Unfitness to plead: Powers of the court on a finding that the...

Unfitness to plead: Powers of the court on a finding that the accused did the acts charged


Where an accused has been found by a jury to have done the acts (or made the omission) charged, the court has limited powers as to how the individual can be dealt with.

The first thing to note is that this is not a sentencing hearing. The individual has not been convicted of a criminal offence as, upon a finding of unfitness to plead, the resulting trial of the facts lacks the necessary finding as to the “mental element” of the offence.


The powers of the court are governed by the Criminal Procedure (Insanity) Act 1964 s.5:

Powers to deal with persons not guilty by reason of insanity or unfit to plead etc.

s.5(1) – this section applies where–

(a) a special verdict is returned that the accused is not guilty by reason of insanity; or

(b) findings have been made that the accused is under a disability and that he did the act or made the omission charged against him.

s.5(2) – the court shall make in respect of the accused–

(a) a hospital order (with or without a restriction order);

(b) a supervision order; or

(c) an order for his absolute discharge.

s.5(3) – where–

(a) the offence to which the special verdict or the findings relate is an offence the sentence for which is fixed by law, and

(b) the court have power to make a hospital order,

the court shall make a hospital order with a restriction order (whether or not they would have power to make a restriction order apart from this subsection).

The court may impose:

a) a hospital order (with or without a restriction order)

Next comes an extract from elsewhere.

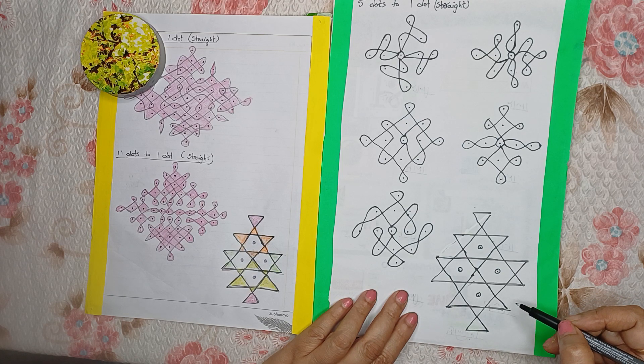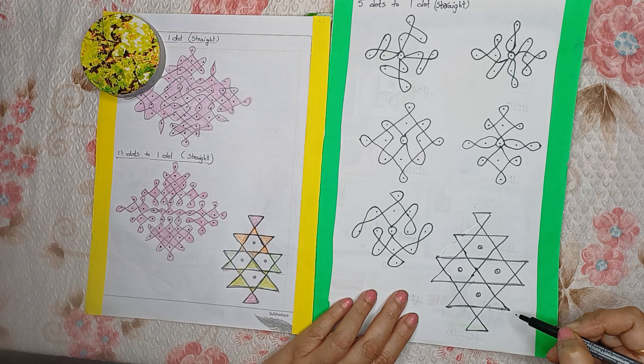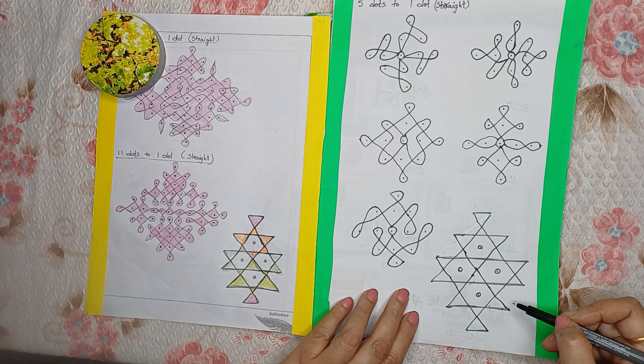This is the easier and better way to draw this rangoli. If you like such content, please like, share, comment, and subscribe to my channel. Thank you all for watching my video.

A hospital order involves the individual being taken to a hospital for treatment for their mental disorder. A restriction order may be made in addition to a hospital order where the individual poses a risk if he were to be released and it is necessary for the protection of the public that he remain in detention.

b) a supervision order

A supervision order means an order which requires the “the supervised person” to be under the supervision of a social worker, an officer of a local probation board or an officer of a provider of probation services (“the supervising officer”) for a period specified in the order of not more than two years. A supervision order may not be made unless the court considers it is the most suitable method of dealing with the individual.

c) an absolute discharge

An absolute discharge is imposed when “it is inexpedient to inflict punishment“. The order ends immediately and there are no repercussions.


The individual may appeal against the making of a supervision order or a hospital order under s.5. The appeal lies to the Court of Appeal.

The Court of Appeal has the power to impose any order that the court below had the power to make, i.e. the list of three orders under s.5 above.